“Um tapa na cara” resume bem o documentário O Começo da Vida, que trata, de forma sensível e madura, as questões acerca da primeira infância – período que vai da gestação até os seis anos de idade. Com trilha sonora e fotografia agradável, é daqueles filmes nos quais você não vê o tempo passar. Estreou na semana passada em todo o Brasil e é uma produção da Maria Farinha Filmes, produtora que em outras oportunidades já tratou de temas relacionados à infância, como obesidade infantil, publicidade voltada para crianças e a importância do brincar.
A obra traz entrevistas certeiras com pesquisadores, famílias e crianças de todo o mundo. Faz um retrato do que é ser criança, da importância desse período da vida e endossa que o que se vive na primeira infância vai influenciar em toda a vida adulta. “A ciência nos traz evidências de que o pleno desenvolvimento no começo da vida é essencial para a construção de uma sociedade mais justa”, diz Eduardo Queiroz, diretor-presidente da Fundação Maria Cecília Souto Vidigal, uma das entidades apoiadoras do projeto.
Ou seja, mostra que as crianças não podem ser negligenciadas nem menosprezadas.
Para pais e não-pais, o documentário é uma oportunidade de refletir sobre como conviver com crianças, respeitando o fato de que elas estão em uma fase intensa de experimentações. Até são rotuladas como “cientistas”, uma vez que, quando fazem repetidas ações não estão necessariamente errando, mas experimentando. Cabe aos adultos promover liberdade e apoio para os experimentos dos “pequenos Einstens”.
O documentário é uma oportunidade de refletir sobre como conviver com crianças, respeitando o fato de que elas estão em uma fase intensa de experimentações.
Há quase um ano, vivencio e leio muito sobre a infância. O documentário parece como uma pequena luz no fim do túnel. Em tempos de noticiário político nacional sombrio, que anuncia um tempo incerto; e de movimentos ao redor do mundo pela exclusão social dos pequenos, é bom ver uma obra que relembra que as crianças pertencem à humanidade inteira – não apenas aos pais.

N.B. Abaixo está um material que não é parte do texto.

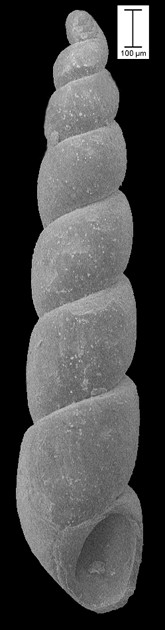 Ebala bermudensis (Dall and Bartsch, 1911) Conical False-aclis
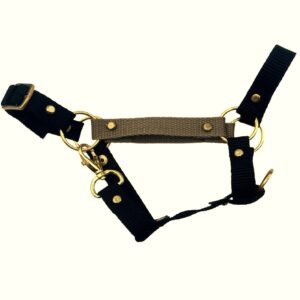 Kantar Hobby Horse GOLD(A3)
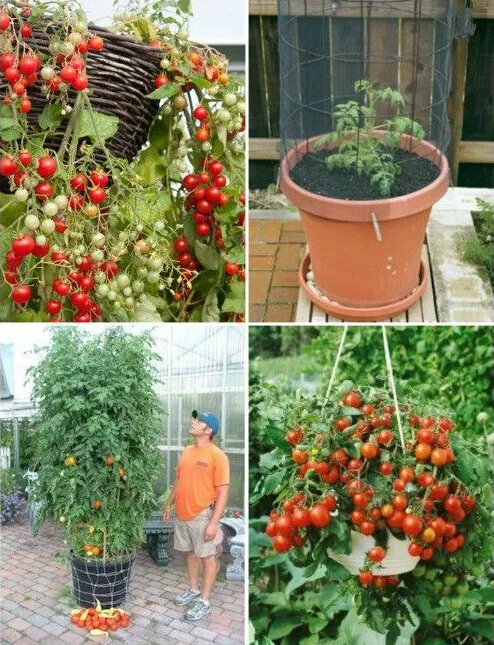 

tomato Bonsai Very Sweet Delicious Fruit Bonsai Succulents Bonsai Plant For Home Garden Pot 500pcs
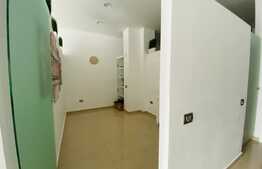 Spatiu comercial in CF, 56 mp, zona Platinia Mall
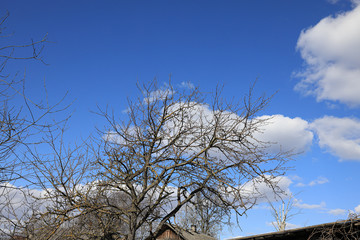 Fototapeta premium Apple tree without leaves in early spring against a blue sky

Se os argumentos mais sentimentais não valem pra você, segue aquilo que poderá entender: o investimento em infraestrutura para os pequenos e o apoio à parentalidade rende mais do que a Bolsa de Valores de New York. É o que diz James Heckman, vencedor do Prêmio Nobel de Economia.
Com seleção de boas frases dos especialistas, que traduzem de um jeito acessível aquilo que as pesquisas apontam, o documentário também mostra a formação das famílias atuais, que incluem casais homossexuais, a participação intensa de outras pessoas – avós e outros cuidadores – na vida da criança, e homens que assumem o protagonismo na criação dos filhos.

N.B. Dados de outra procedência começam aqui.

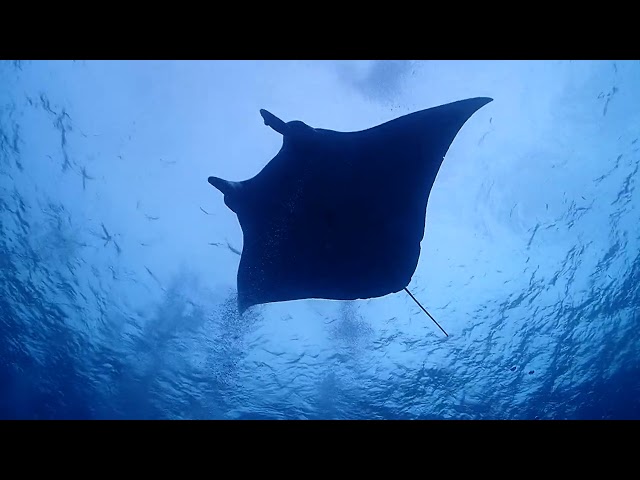 ダイブハウスマンタ石垣島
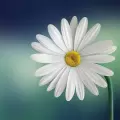 وفاء عابور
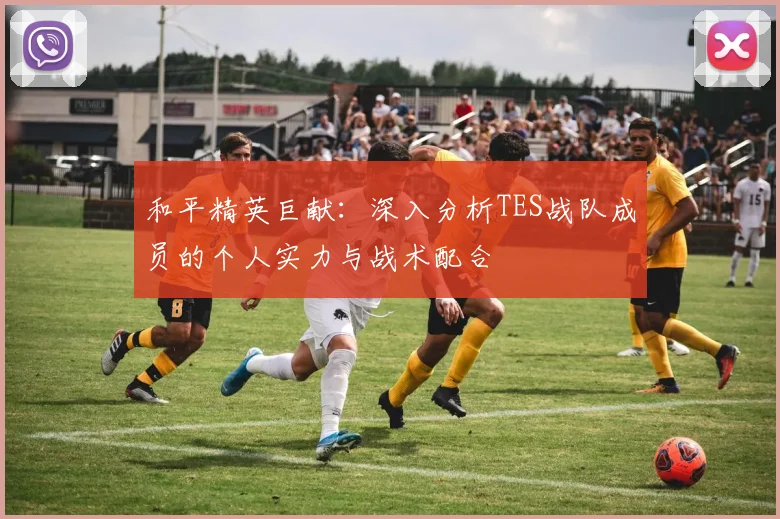 和平精英巨献:深入分析TES战队成员的个人实力与战术配合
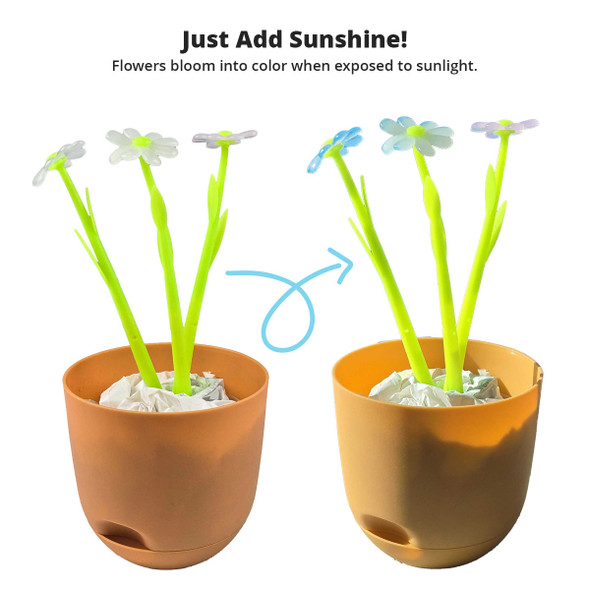 Flower Pens (Pkg 3) - Magnified! VBS 2025 by Lifeway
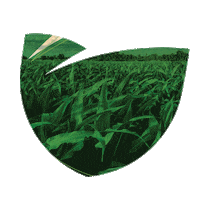 Sementes Agroceres Sticker by Agro Bayer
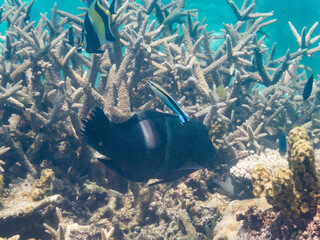 カンムリベラ, Clown coris, Coris aygula,...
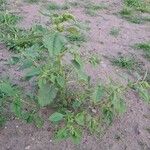 Amaranthus retroflexus Leaf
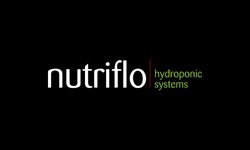 Hydroponics Kits: Revolutionizing Home Farming for Sustainable Living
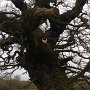 Owls welcome in either of the boxes in the aincient oaks.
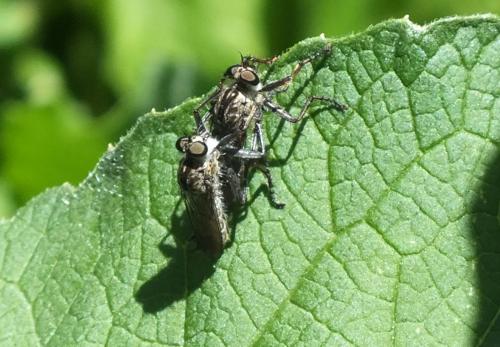 Asilinae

A importância da primeira infância é retratada e também fica latente o quanto isso não é considerado pela sociedade. “Cuidar do seu filho é considerado perda de tempo, é considerado um nada. E você está cuidando do futuro da humanidade!!!”, lembra bem uma das mães entrevistadas.
Deu pra entender porque tem dias que passo horas observando o que minha filha faz, como reage, em quais sons presta atenção… As crianças têm o dom de se encantar com pequenas trivialidades e estar com elas é redescobrir que o barulho de uma sacola vazia sendo amassada pode ser estarrecedor. Ou que amassar um pedaço de goiaba com as mãos pode ser muito prazeroso.

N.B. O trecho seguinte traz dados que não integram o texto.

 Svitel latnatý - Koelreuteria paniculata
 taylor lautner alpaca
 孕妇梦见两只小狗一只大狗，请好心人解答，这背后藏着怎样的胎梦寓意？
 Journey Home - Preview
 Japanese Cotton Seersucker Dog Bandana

Fica evidente o quanto temos a aprender com ela, deixando de lado a presunção petulante de adultos detentores de conhecimento. Somos os responsáveis pelo futuro: por criar ou não quem, no futuro, vai bater panelas seletivamente, votar; respeitar os limites de velocidade no trânsito ou não, negar comida a quem tem fome ou não.
Obra indispensável para quem sonha e luta por uma sociedade mais igualitária.
O documentário está em cartaz nos cinemas e na plataforma VideoCamp.